Tre anni dopo l’attivista per i diritti umani Natalya Estemirova, che in Cecenia indagava sulle stesse tematiche di cui si occupava Politkovskaja, viene raggiunta da diversi proiettili alla testa e al petto mentre sta andando alla fermata dell’autobus. In una sentenza del 2021 la Corte europea dei diritti dell’uomo ha stabilito che le autorità russe non hanno indagato adeguatamente sul suo omicidio. Nel 2009 l’avvocato per i diritti umani Stanislav Markelov e la giornalista di Novaya Gazeta Anastasia Baburova vengono uccisi da un uomo col volto coperto nei pressi del Cremlino: le autorità hanno puntato il dito contro un gruppo neonazista.

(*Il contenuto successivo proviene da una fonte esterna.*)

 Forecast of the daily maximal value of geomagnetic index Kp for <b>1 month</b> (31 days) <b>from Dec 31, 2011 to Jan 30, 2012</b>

Nel 2015 Boris Nemtsov, un importante leader dell’opposizione, ex governatore regionale riformista e vice primo ministro, viene assassinato nel centro di Mosca, su un ponte vicino al Cremlino, con quattro colpi di arma da fuoco. Stava lavorando a un rapporto sulla portata dell’ingerenza di Mosca nella vicina Ucraina.

Poi ci sono le morti sospette: nel 2013 l’ex membro del Cremlino diventato poi critico del governo Boris Berezovsky viene trovato impiccato nel bagno di casa sua ad Ascot, nel Regno Unito, dove si era trasferito all’inizio degli anni 2000. Nel 2015 un altro ex membro del Cremlino, Mikhail Lesin, fondatore della rete televisiva in lingua inglese RT, ex Russia Today, viene trovato morto in una stanza d’albergo a Washington DC. I media statali russi parlano di un attacco di cuore, ma una autopsia statunitense conclude che la morte sia avvenuta per ferite da corpo contundente.

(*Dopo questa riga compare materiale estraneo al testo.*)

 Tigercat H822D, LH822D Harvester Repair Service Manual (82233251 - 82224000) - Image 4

Quelli elencati sono solo alcuni degli omicidi che hanno coinvolto oppositori e oppositrici del Cremlino negli ultimi anni. Nella lista mancano i tentativi falliti, come quello nei confronti di Sergei Skripal, ex ufficiale dell’intelligence militare russa che era diventato un doppio agente per il Regno Unito: riuscì a sopravvivere a un avvelenamento con un agente nervino chiamato novichok a Salisbury. Nel 2020 accadde anche a Alexei Navalny, che si sentì male durante un volo dalla Siberia a Mosca: venne usato lo stesso veleno, e l’oppositore russo venne poi curato in Germania.

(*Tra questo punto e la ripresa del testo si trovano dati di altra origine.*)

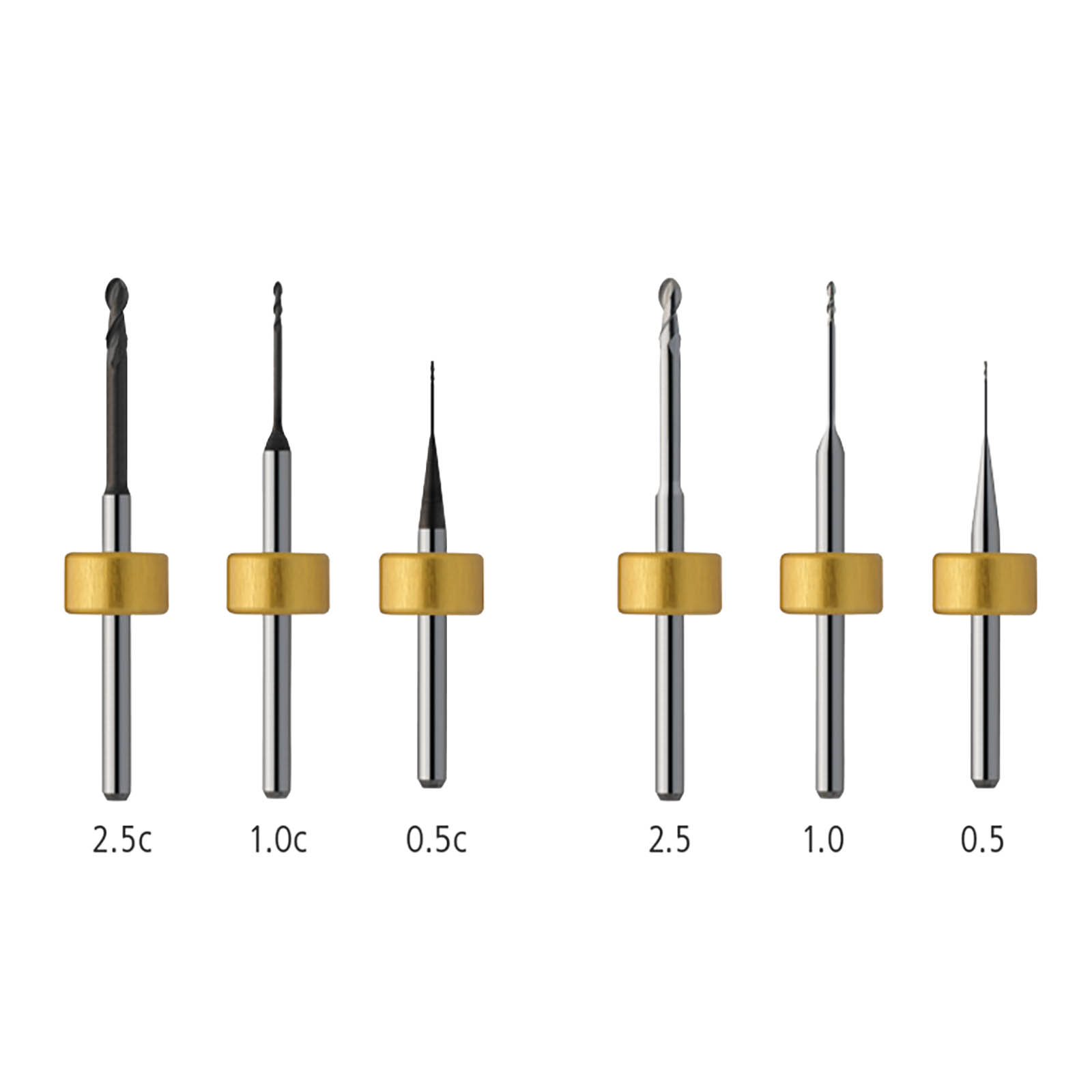 Programill Tool PrograMill PM3/5 Tool Yellow | PrograMill Equipment | Ivoclar AU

E, infine, ci sono coloro che rimangono a portare avanti le battaglie di Navalny e non solo: in primis la Anti-corruption Foundation, l’organizzazione senza scopo di lucro fondata nel 2011 da Navalny per denunciare la corruzione politica dilagante in Russia. I suoi collaboratori, che hanno continuato a lavorare anche senza di lui, durante la sua prigionia e il periodo di guarigione, continueranno a lavorare dall’estero. Molti altri, come loro, sono fuggiti dalla Russia per evitare la repressione di Mosca. La moglie di Navalny, Yulia Navalnaya, ha pubblicato un video su X in cui accusa Putin di aver ucciso suo marito e annuncia che continuerà il lavoro di Alexei e “a lottare per il nostro Paese”.

Tra le fila dell’opposizione, riporta Associated Press, si trova anche Mikhail Khodorkovsky, un ex magnate in esilio a Londra, fondatore dell’organizzazione politica anti-Putin Open Russia, che sostiene democrazia e diritti umani: ha trascorso dieci anni in prigione in Russia dopo aver sfidato il Governo di Putin nei primi anni 2000.

Vladimir Kara-Murza, 42 anni, è in prigione dal 2022: ex giornalista e oggi importante politico dell’opposizione, è stato condannato a 25 anni di reclusione (che sta scontando in una colonia penale siberiana) con l’accusa di tradimento; è stato uno stretto collaboratore di Nemtsov, assassinato nel 2015, e sostiene di essere sopravvissuto a una serie di tentativi di avvelenamento quello stesso anno.

Dal 2022 è in prigione anche Ilya Yashin, un membro del consiglio municipale di Mosca alleato di Navalny: è stato condannato a 8 anni e mezzo di detenzione per “diffusione di false informazioni” sull’esercito russo, un crimine nato nel marzo 2022 a seguito dell’invasione dell’Ucraina.